Now we’re getting to the important part of the domain model. Don’t worry about names or anything, but note how instead of storing the states as a Set (i.e. a string set) we’re realizing a structure that this is a state for each language.

We also don’t expose the raw state map instead only exposing read-only access. All writes have to go through methods that ensure it’s a safe transition:

1
2
3
4

   public void changeState(Language, State) {
      // Is this state transition permitted?
      // Apply state change
   }

Now instead of higher layered methods having to worry about how to apply a change, they only call the method and the model figures out how. This simplifies those higher-layers making them easier to read and understand because they’re phrased in terms of the domain.

The Storage Layer

We locked down access to the domain model, but the storage layer needs to be restricted. It can’t return or take in a storage model otherwise developers could just save whatever they want.

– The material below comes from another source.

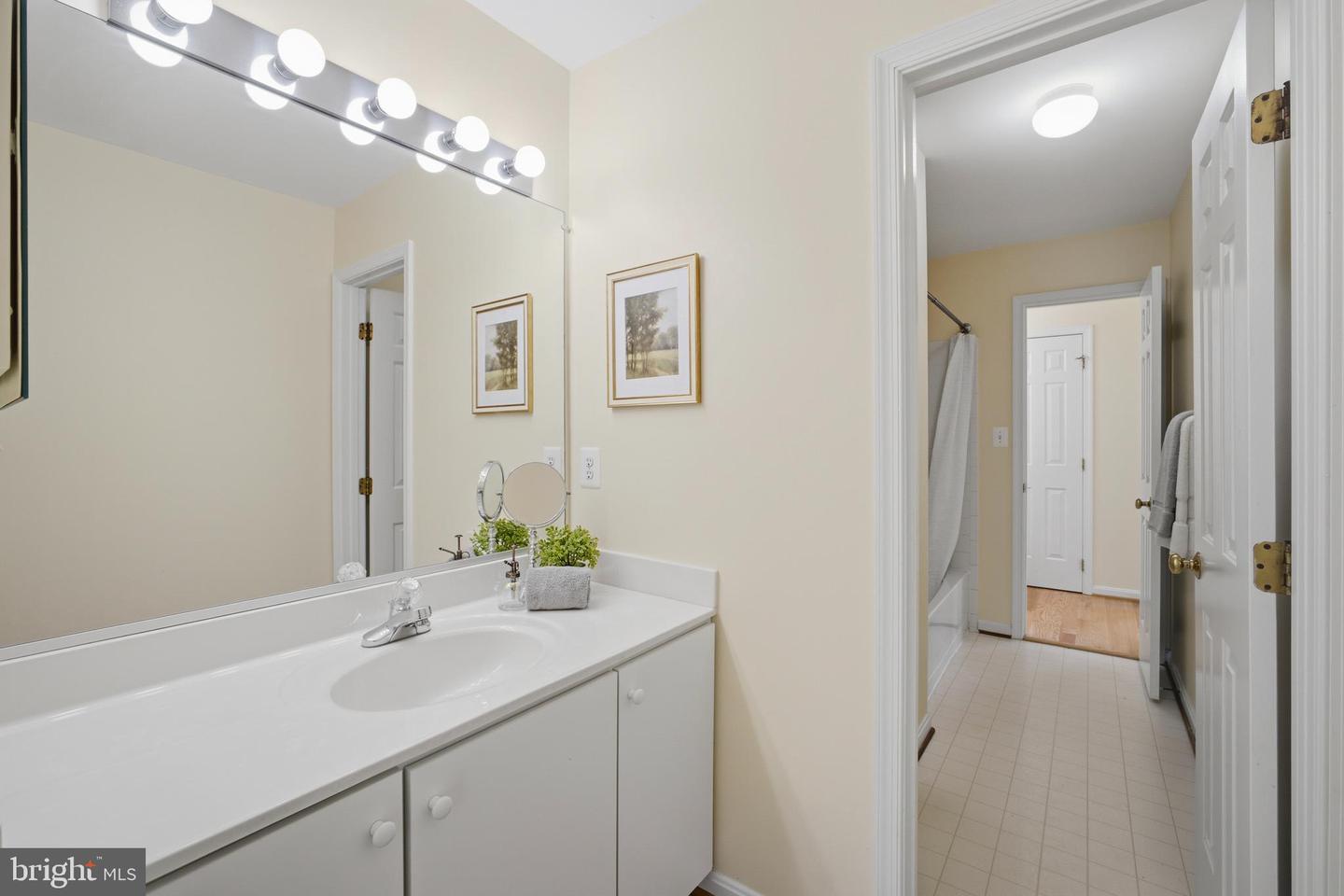 43536 Mink Meadows St Property Photo 29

Instead, the class should only take in the domain model, then translate it from the domain model into a storage model, then submit the API request.

1
2
3
4
5

interface ProjectStore {
  Project load(String projectId);
  void save(Project project);
  void delete(Project project);
}

Now, it’s not possible to bypass any validations on the model and in theory all objects should be perfectly valid in the data store.

Another Example - Devices

This system responsible for managing the status of tens of thousands of devices, was having problems where devices would get into unexpected states and break requiring manual intervention by a user or by the service team developers.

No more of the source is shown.